He’s also the first Piston to make a USA Basketball roster since Tayshaun Prince in 2008, and only the third player in franchise history to receive the honor. (Grant Hill made the team in 1996.)
Competing in the Olympics is a massive achievement for any player. It’s a particularly notable one for Grant, who was the 39th pick in 2014. Less than a year ago, he was a high-level role player with the Nuggets, a distant third option behind Nikola Jokic and Jamal Murray. His three-year, $60 million contract last fall with the Pistons was considered an overpay by many critics. It’s now a steal.
“I was blessed when I got the call,” Grant said. “It was an honor. I love to play the game, that’s why I’m here. I was excited. I told my family, everyone was excited for me. This is going to benefit me, being around a group of guys that are this talented, being able to pick up the little things that they do, watching their movements and observing, things like that. It only can help me for my future.”

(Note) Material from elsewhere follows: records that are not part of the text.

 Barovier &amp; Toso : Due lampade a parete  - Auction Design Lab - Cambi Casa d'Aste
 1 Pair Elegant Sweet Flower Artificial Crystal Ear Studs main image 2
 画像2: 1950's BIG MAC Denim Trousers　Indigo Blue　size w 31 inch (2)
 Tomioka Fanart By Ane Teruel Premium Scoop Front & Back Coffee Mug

Though he grabbed a starring role with the Pistons, he’ll shift back to filling the gaps for Team USA as a role player. Spurs head coach Gregg Popovich, who’s leading the USA team, said he wanted Grant on the roster because of his versatility. Grant proved his value on defense with the Nuggets, as he was often tasked with defending the opposing team’s best player. He’s a natural fit between some of his ball-dominant teammates, such as Kevin Durant, Bradley Beal and Jayson Tatum.

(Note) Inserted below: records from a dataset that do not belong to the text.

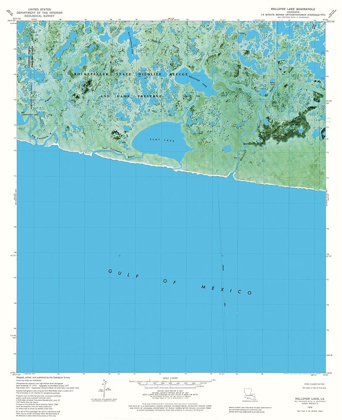 Picture of ROLLOVER LAKE LOUISIANA QUAD - USGS 1979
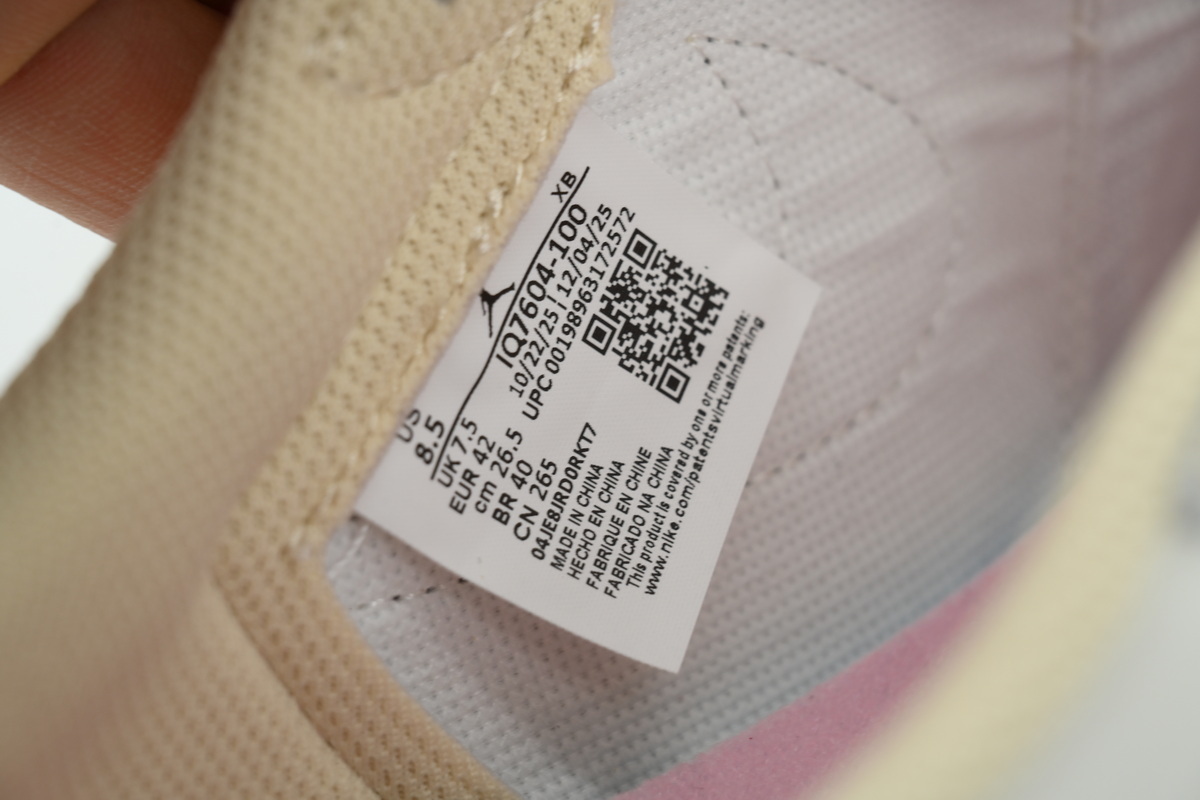 Travis Scott x Air Jordan 1 Retro Low OG Muslin Pink IQ7604-100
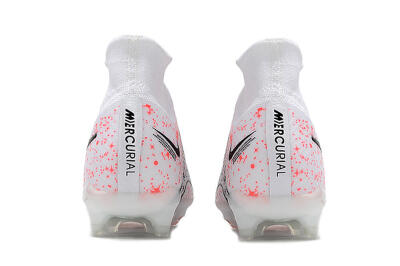 Men's Nike Air Zoom Mercurial Superfly 9 Elite FG Football Boots - White/Pink/Black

“I’m going to be playing a lot of defense, hitting open shots, being aggressive when I get the opportunity,” Grant said. “I think that’s my role, a lot of energy, doing what I need to do, whatever I need to do to get this gold.”
Training camp began Tuesday in Las Vegas, and the team will play its first exhibition Saturday against Nigeria. Team USA’s Olympic debut comes July 25, against France.
Grant hasn’t been with his new teammates for very long, but he has their trust. After all, they’re already familiar with what he can do.
“Coming out here, it’s very easy for a guy, especially a guy like Jerami who hasn’t been at that level for as long as a Kevin Durant, for as long as a Damian Lillard, it’s very easy for a guy to come in and take a back seat to those guys,” Green said. “He’s come in, he’s been aggressive, playing with extreme energy and he’s going to be a huge part and play a huge role in us winning the gold.”